→ Supplied records:
# # #

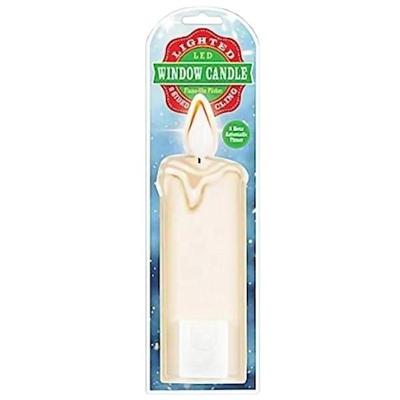 Gerson 44745 - WHITE WINDOW CLING LED CANDLE Christmas Window Decor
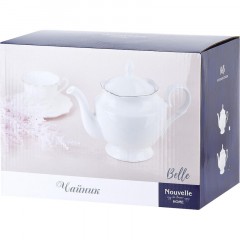 Чайник Belle v=1300мл с золотой окантовкой  (фарфор), 0850069 - фото 10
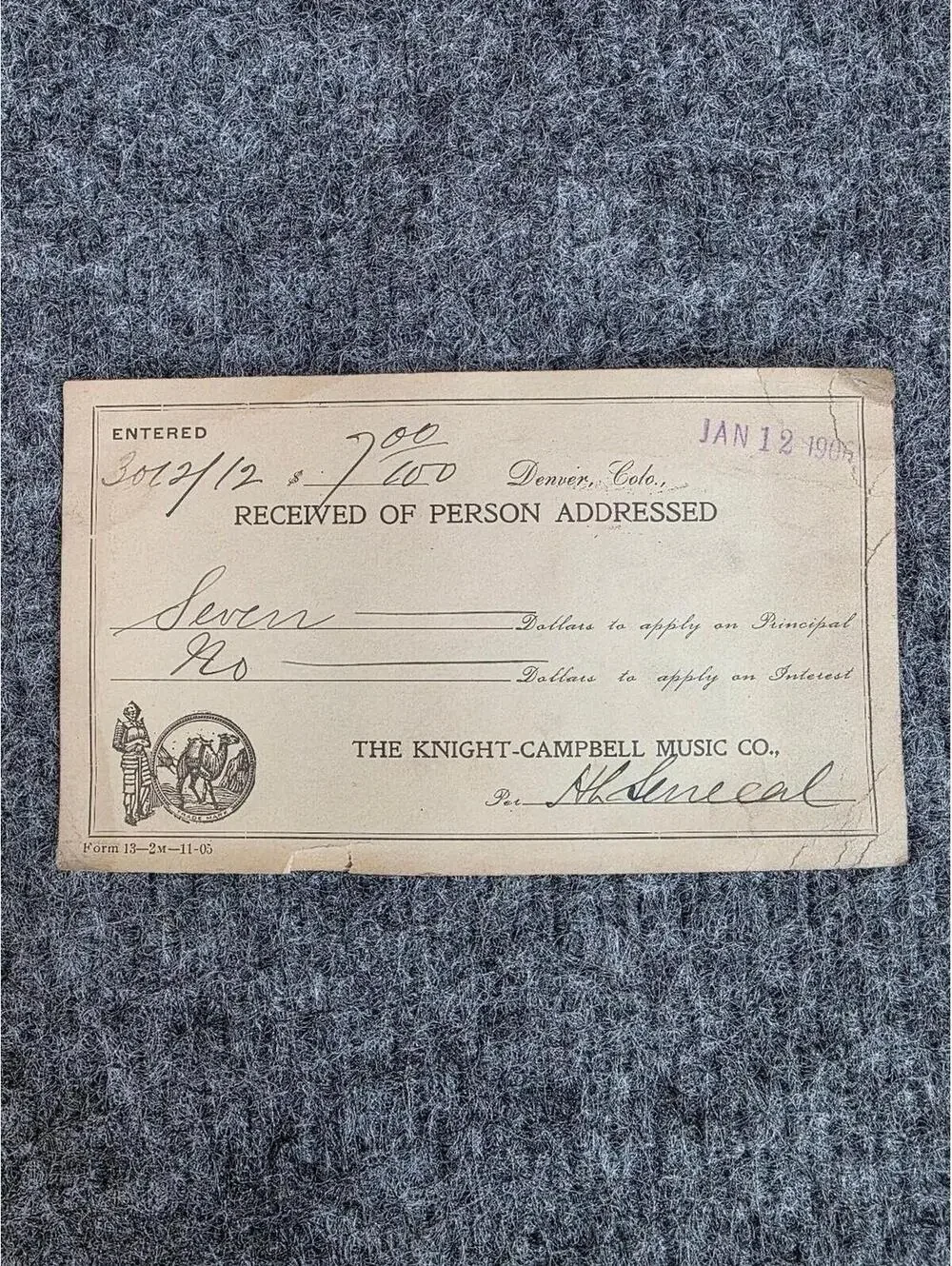 1906 Knight-Campbell Music Co. Receipt Denver Colorado Vintage Ephemera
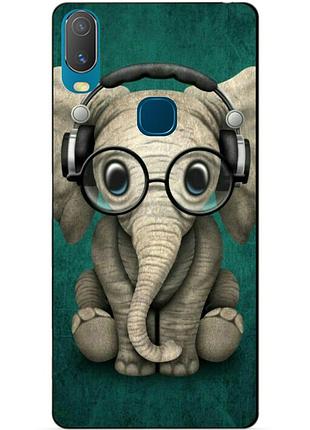 Силіконовий бампер чохол для vivo y11 з малюнком слоник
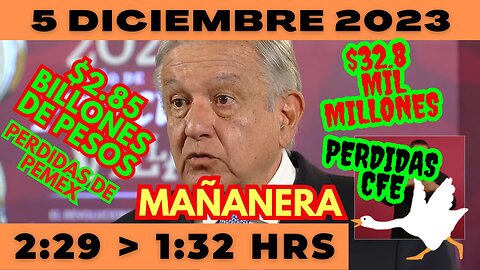 💩🐣👶 AMLITO | Mañanera *Martes 5 de Diciembre 2023* | El gansito veloz 2:29 a 1:32.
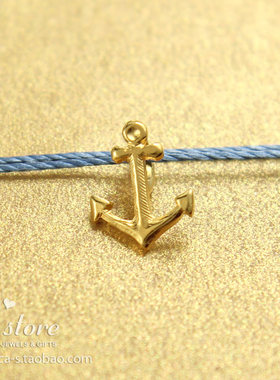 经典船锚吊坠丝线许愿项链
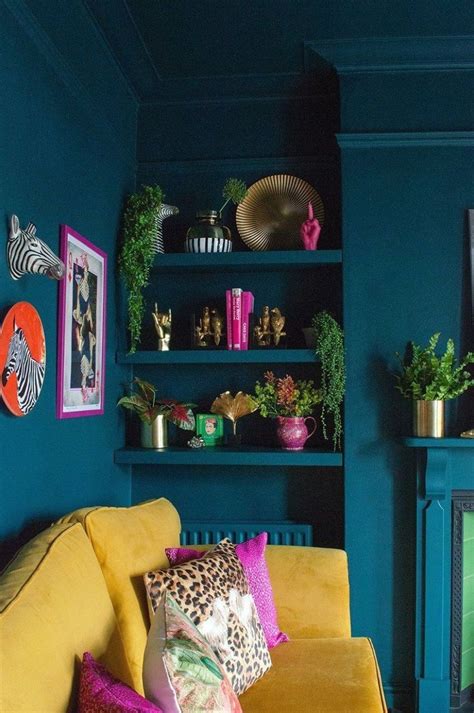 Teal And Mustard Living Room Colourful Maximalist Decor Inspiration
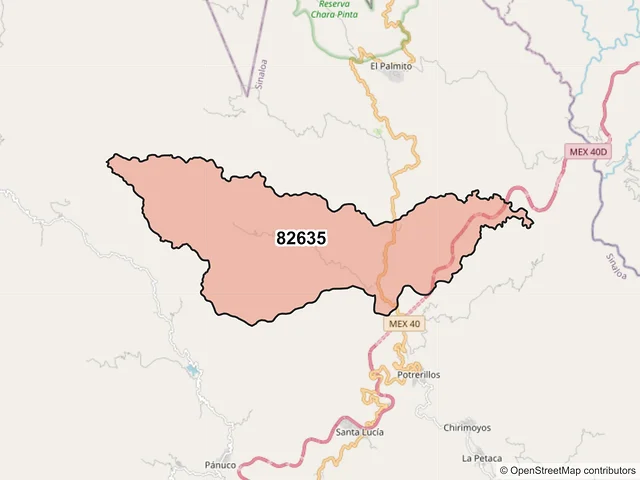 Mapa del código postal 82635, Concordia, Sinaloa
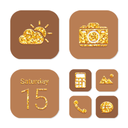 Wow Gold Glitter Icon Pack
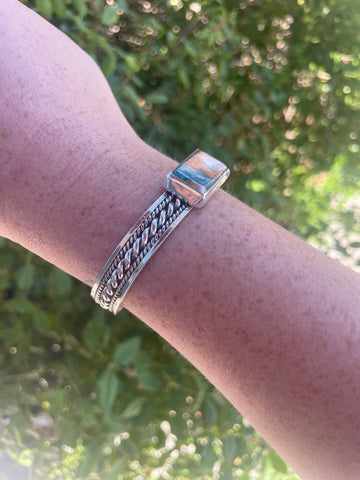 Navajo Spice And Sterling Silver Rectangle Bar Adjustable Bracelet Cuff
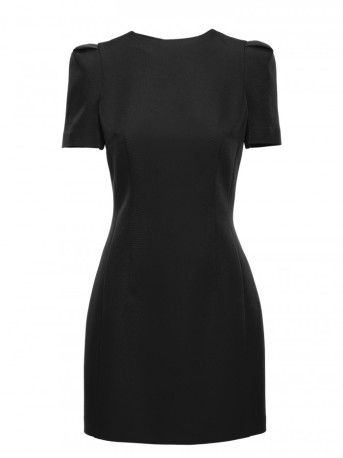 M777 Padded shoulder mini dress - black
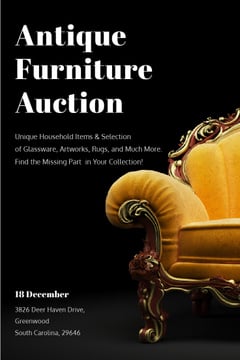 Antique Furniture Auction with Luxury Yellow Armchair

# # #

→ About this exercise: Print, without pictures, exactly the lines from the one containing "Чайник Belle v=1300мл" through the final line of the records above.

→ Answer to the exercise:
 Чайник Belle v=1300мл с золотой окантовкой  (фарфор), 0850069 - фото 10
 1906 Knight-Campbell Music Co. Receipt Denver Colorado Vintage Ephemera
 Силіконовий бампер чохол для vivo y11 з малюнком слоник
 💩🐣👶 AMLITO | Mañanera *Martes 5 de Diciembre 2023* | El gansito veloz 2:29 a 1:32.
 经典船锚吊坠丝线许愿项链
 Teal And Mustard Living Room Colourful Maximalist Decor Inspiration
 Mapa del código postal 82635, Concordia, Sinaloa
 Wow Gold Glitter Icon Pack
 Navajo Spice And Sterling Silver Rectangle Bar Adjustable Bracelet Cuff
 M777 Padded shoulder mini dress - black
 Antique Furniture Auction with Luxury Yellow Armchair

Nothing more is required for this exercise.